Veinte días después de las elecciones más reñidas de su historia, Alemania nos ha dado una sonora lección de espíritu democrático otorgando la Cancillería a la ganadora de las elecciones -aunque, es verdad, por un puñado de votos- y conformando un Gobierno de coalición nacional que será el encargado de llevar adelante un proceso de reforma difícil y que, seguramente, supondrá un gran desgaste para Angela Merkel.

De cualquier forma, hay motivos para alegrarse. Uno, que la presidenta del Gobierno del país más grande y poderoso de Europa sea una mujer, lo que demuestra -es una excepción, también es verdad- que en algunos puntos del planeta el techo de cristal puede, a veces, saltar en pedazos.

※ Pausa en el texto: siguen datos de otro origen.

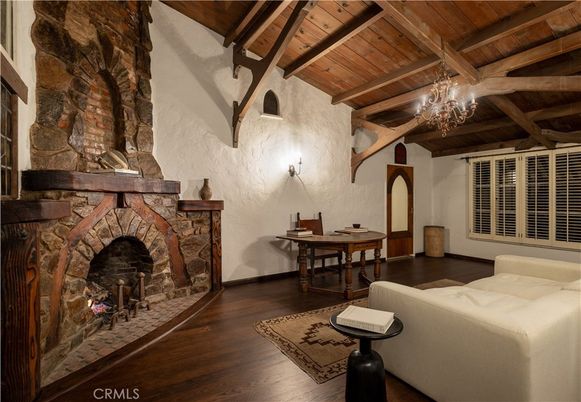 Chandelier, Fireplace, Interior, Stone Walls, Wooden Beams, Wooden Ceilings, Wood Texture Flooring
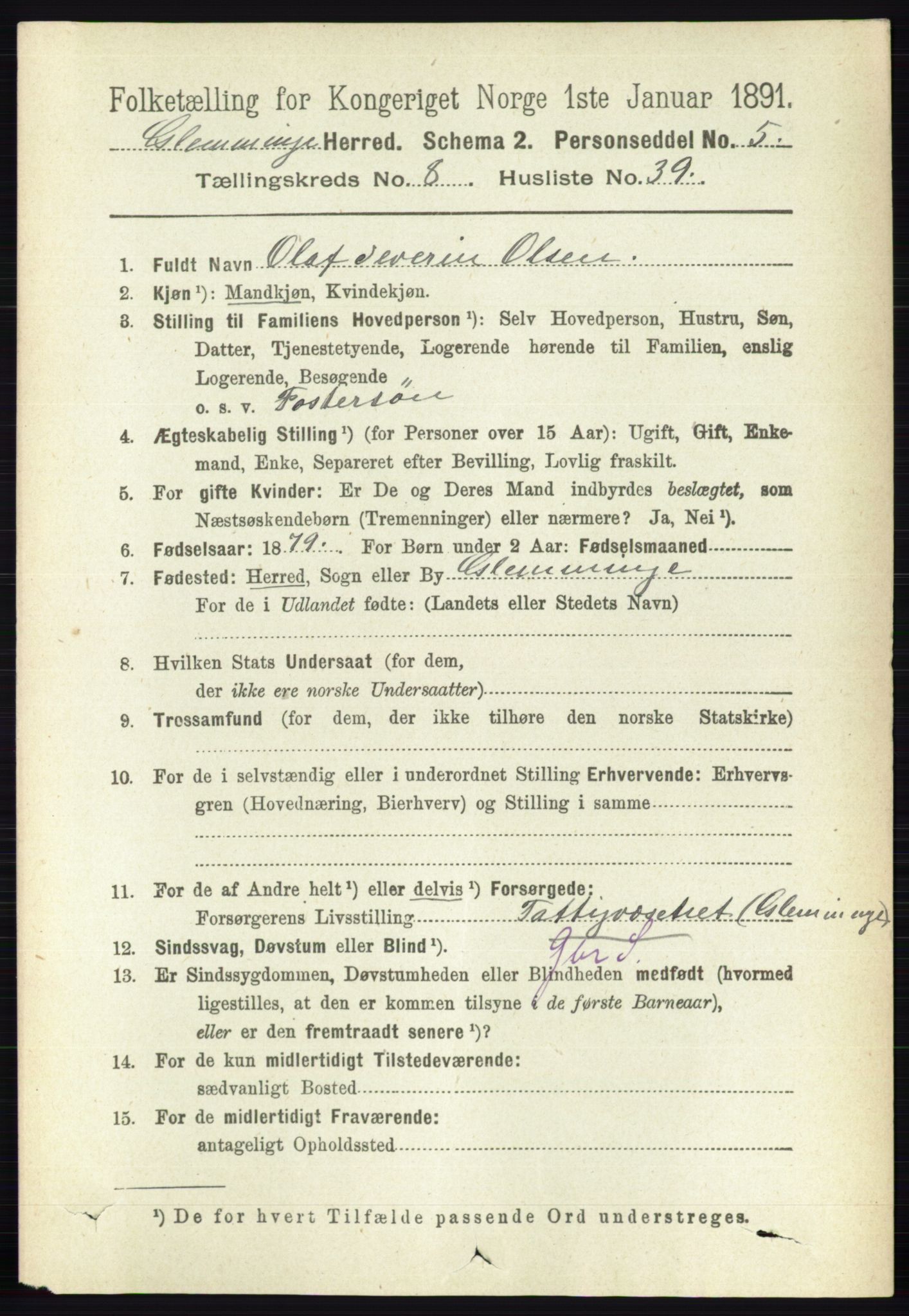 RA, 1891 census for 0132 Glemmen, 1891, p. 9537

Dos, que los dos grandes partidos -uno conservador, el otro socialista- hayan sido capaces de ponerse de acuerdo no sólo en los grandes asuntos que requieren atención inmediata, sino a la hora de formar una coalición en la que las carteras ministeriales estarán repartidas casi al cincuenta por ciento. Algo que en nuestro país, sin ir más lejos, nos resultaría inimaginable, pues hasta en cuestiones tan básicas como la inmigración, la política exterior o el terrorismo nuestros dirigentes han sido incapaces de ponerse de acuerdo.

Tres, que los líderes alemanes han dejado medianamente aparte sus rivalidades partidistas para coger el toro por los cuernos. Y el toro, en este caso, es enorme: millones de parados, una economía bajo mínimos y un Estado del bienestar modélico que ya resulta imposible mantener en pie.

¿La contrapartida? Angela Merkel quemará sus naves en estos cuatro años de mandato en los que tendrá que firmar las medidas menos populares.